### SUPPLIED DATA
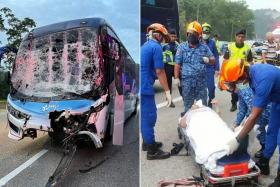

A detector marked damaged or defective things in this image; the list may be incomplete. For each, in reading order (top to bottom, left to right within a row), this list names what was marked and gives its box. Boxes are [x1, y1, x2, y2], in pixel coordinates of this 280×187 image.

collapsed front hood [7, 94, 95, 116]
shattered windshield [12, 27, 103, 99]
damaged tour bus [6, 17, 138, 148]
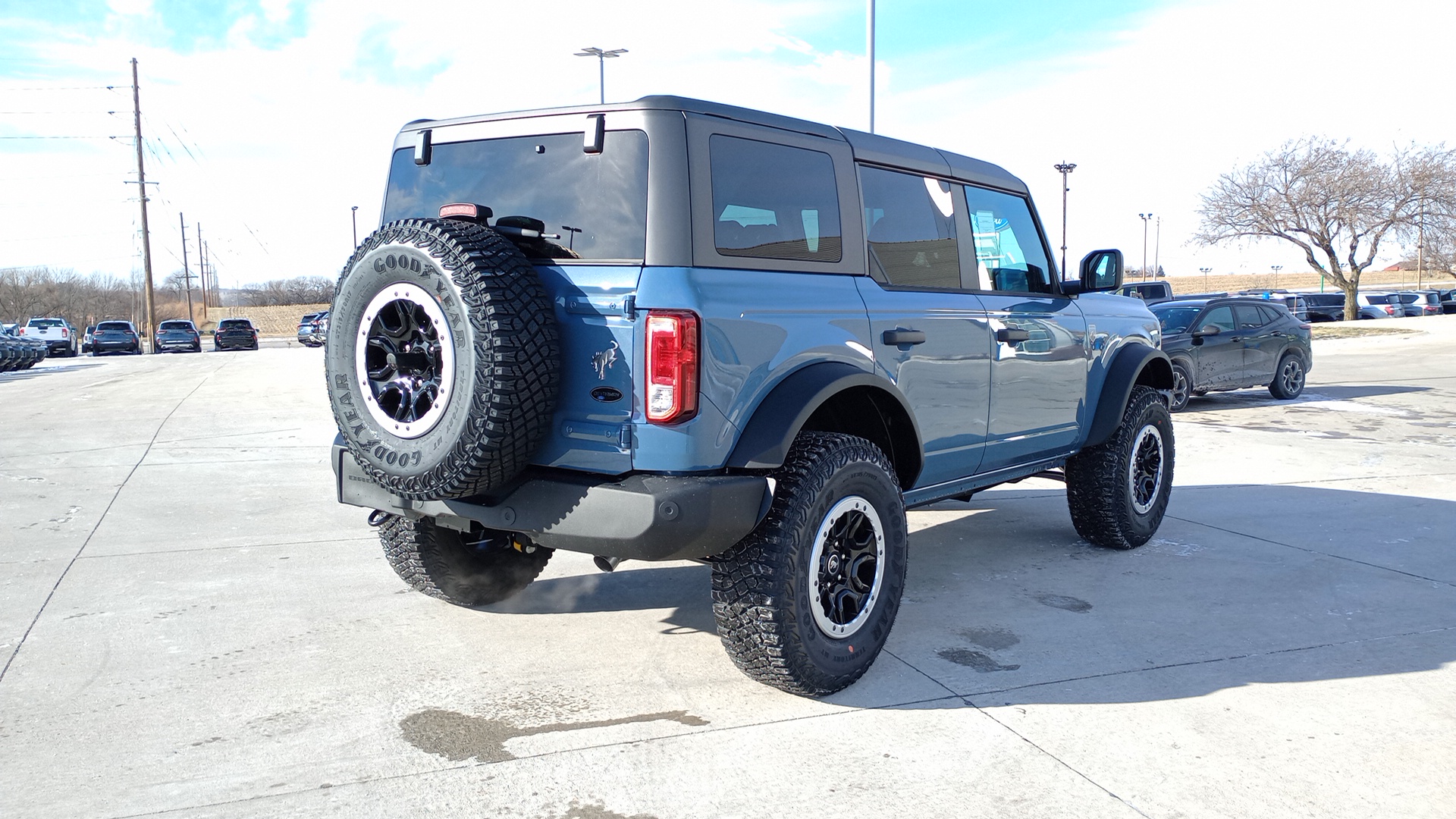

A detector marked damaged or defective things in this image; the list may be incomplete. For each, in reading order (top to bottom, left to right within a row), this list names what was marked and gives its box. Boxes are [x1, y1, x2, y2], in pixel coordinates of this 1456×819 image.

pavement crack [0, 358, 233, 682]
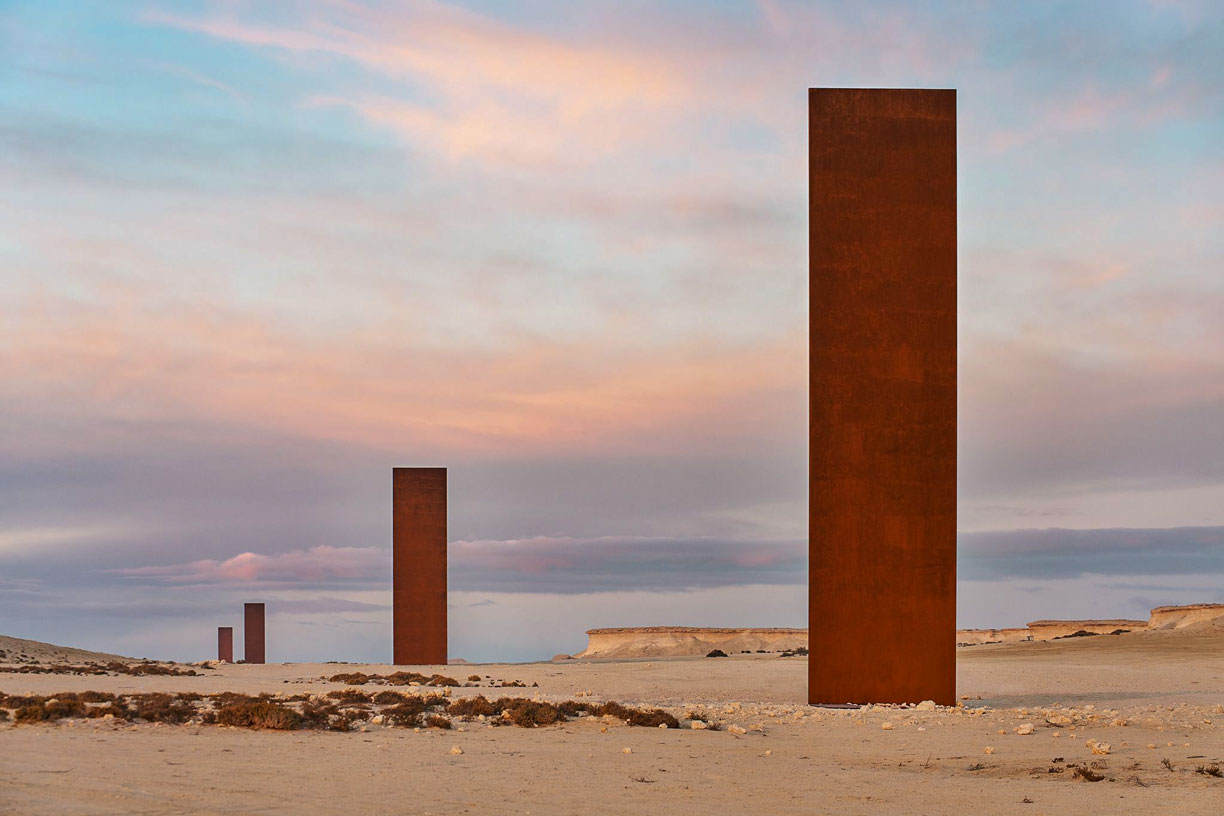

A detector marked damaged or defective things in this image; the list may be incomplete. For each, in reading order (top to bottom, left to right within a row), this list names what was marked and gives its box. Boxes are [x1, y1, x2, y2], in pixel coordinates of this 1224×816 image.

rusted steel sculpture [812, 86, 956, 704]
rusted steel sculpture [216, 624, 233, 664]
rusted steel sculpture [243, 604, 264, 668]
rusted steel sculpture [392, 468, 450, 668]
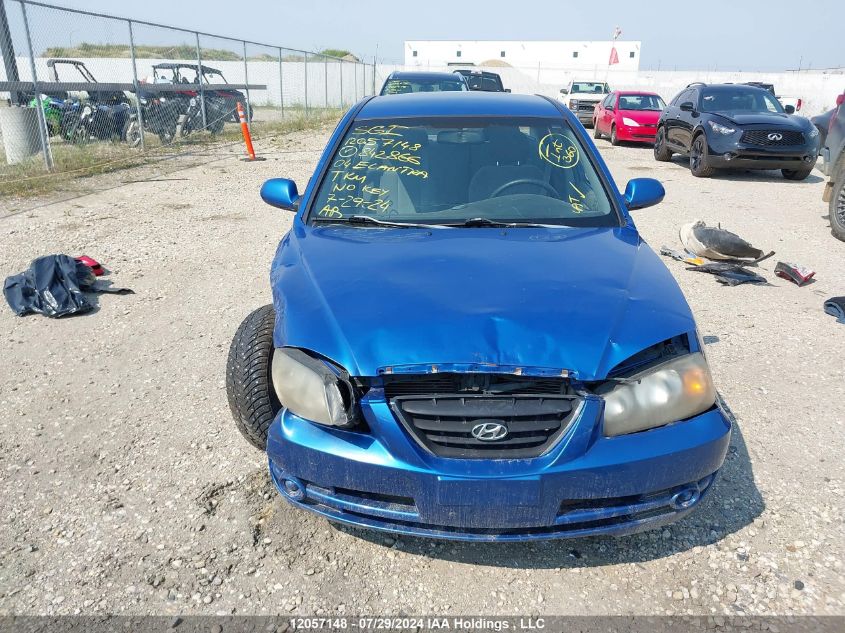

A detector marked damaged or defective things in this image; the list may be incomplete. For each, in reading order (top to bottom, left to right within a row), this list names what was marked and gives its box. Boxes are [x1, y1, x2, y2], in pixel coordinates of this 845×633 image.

### YOUR OBJECTIVE
Only an exact copy of the lines from the one with "this 1456×819 image." through the last line of the listing should be given; pictures must not be included.

### ANSWER TO THE EXERCISE
A detector marked damaged or defective things in this image; the list may be incomplete. For each, in reading order (top to bottom, left to right within a row), this list names what was marked and gives its box. Boxes are [x1, y1, x2, y2], in pixel coordinates of this 1456×819 image.

pavement crack [0, 358, 233, 682]

A detector marked damaged or defective things in this image; the list may be incomplete. For each, in reading order (top to bottom, left to right within a row), this list names what was marked and gives its box. Boxes are [x1, y1, x2, y2], in pixel coordinates of this 1224×816 image.

rusted steel sculpture [812, 86, 956, 704]
rusted steel sculpture [216, 624, 233, 664]
rusted steel sculpture [243, 604, 264, 668]
rusted steel sculpture [392, 468, 450, 668]

A detector marked damaged or defective things in this image; the list may be incomplete. For each, in reading order (top to bottom, left to right within a row), this list names what was marked and gives its box. Boxes are [x1, y1, x2, y2], in pixel coordinates of this 845×633 image.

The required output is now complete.